The church is also staying in contact with members who don’t have access to the online services. It has been calling those members, in addition to sending them various cards and letters.

Pastor Christopher Amen of St. Peter’s Lutheran in Arlington has also gone online with services.

“People have been appreciative. Without much of other things out there, this gives them something to have,” Amen said. He added that he has even heard from people outside the church who are members elsewhere that don’t have certain capabilities to online services.

St. Peter’s will conduct normal Easter Week services — Maundi Thursday and Good Friday — but Amen said that while the church usually has a few options on Easter Sunday, he will conduct just one service that day.

Outside of that, “we are trying to make things as normal as possible,” Amen said.

Amen is encouraging people to do things the “old-fashioned” way and write letters to friends and loved ones. Most importantly, he wants people to be safe, especially with his congregation having a wide range of ages.

St. Peter’s has volunteers available if members call the church at 608-636-4825 to go out and shop for supplies, if needed. Amen wants his congregation to stay fed, safe and healthy during this time.

“We realize how serious this is and we want people to keep the faith and keep nourished,” he said.

Jablonski compared the situation that the churches are going through to those missing family members due to military service or other works travels, who are happy to have the technology to communicate immediately and as often as possible, but cannot wait to be in the same place together.

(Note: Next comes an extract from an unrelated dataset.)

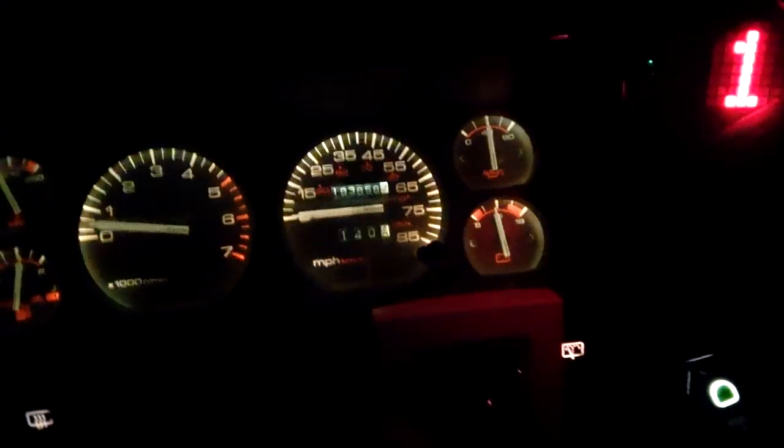Yeah, she works. I dig it. Still got a nice rattle-dattle clunk-dunk — who knows what the heck that is — but she works like a dream.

“When you love someone, you want to be in their presence as fully and completely as possible … which is why we all eagerly look forward to that day (hopefully soon) when we can gather again,” Jablonski said.

Jablonski also encourages his parishioners to check the Blessed Trinity website regularly, at, as he is trying to post helpful content on a daily basis.

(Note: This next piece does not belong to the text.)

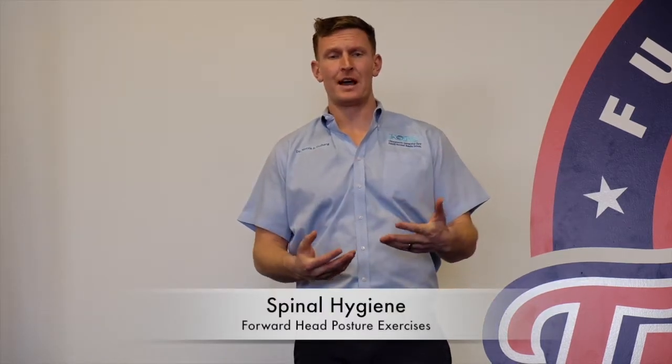Hey guys, Dr. Norris here at Koro Chiropractic. Today we're at F45 working on some spinal hygiene. One thing I see pretty much guaranteed with anybody who sits at a desk — a lot of my practice members have what we call anterior head translation, also known as forward head posture. My assistant Amy is going to demonstrate that.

There is one area church that is suspending its Easter celebration until the congregation can get together as one. Dekorra Lutheran said on its website that it is postponing all Easter services and celebrations until the congregation can return to the church. The church will celebrate Easter on the first Sunday it can return as a congregation. It is still posting worship services and other messages on its Facebook page.

Churches and technology

Priests, pastors and reverends have added more technology to their daily practices, which comes with several challenges. Churches are now empty, with just a few people in the building on worship days to help with the recording process or provide music.

“It has been challenging to stay connected with the members and friends of Poynette Inch UMC and Arlington UMC, mostly because recording our weekly worship services is brand new for us,” Hopp said. “To respect social distancing guidelines, only three of us meet at the Poynette Inch UMC church on Fridays to record our service — our musician, Gordon Dunn, our office manager and Christian education director, Michele Koopmans, and me.”

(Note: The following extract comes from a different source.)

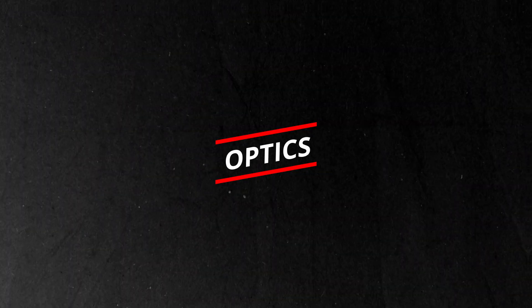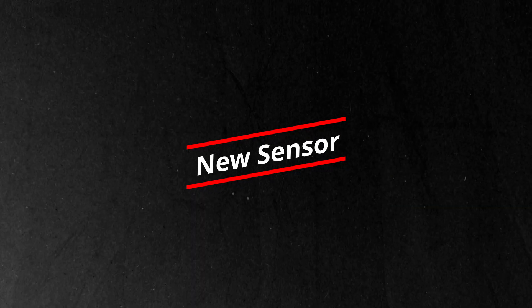The S70 is taking that same philosophy and cranking it up a notch — or maybe five. Starting with optics: the S70 is jumping from 50mm to 70mm aperture. Now that might not sound like a huge leap, but in telescope terms it's massive. You're essentially doubling the light gathering power, which means you can capture fainter objects like distant galaxies and nebulas with shorter exposure times — less waiting, more detail, and sharper images.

At times, technology itself is the challenge when its not normally used on Sundays, or other days.

“On a more practical level, another great challenge has been having to learn to use — and then implement as quickly as possible — some of the helpful technological and communication tools that are out there,” Jablonski said. “I’m not even 40 years old and consider myself rather tech-savvy for a cleric, but I still find some of this a bit overwhelming and exhausting at times.”

Jablonski also worries about the older parishioners, as well as the elderly clergy members, who might have the access to online services, but aren’t familiar with how every piece of technology can help them.

“I can only imagine what our older members might be experiencing or any older clergy in the area. My heart and my prayers go out to them,” Jablonski said.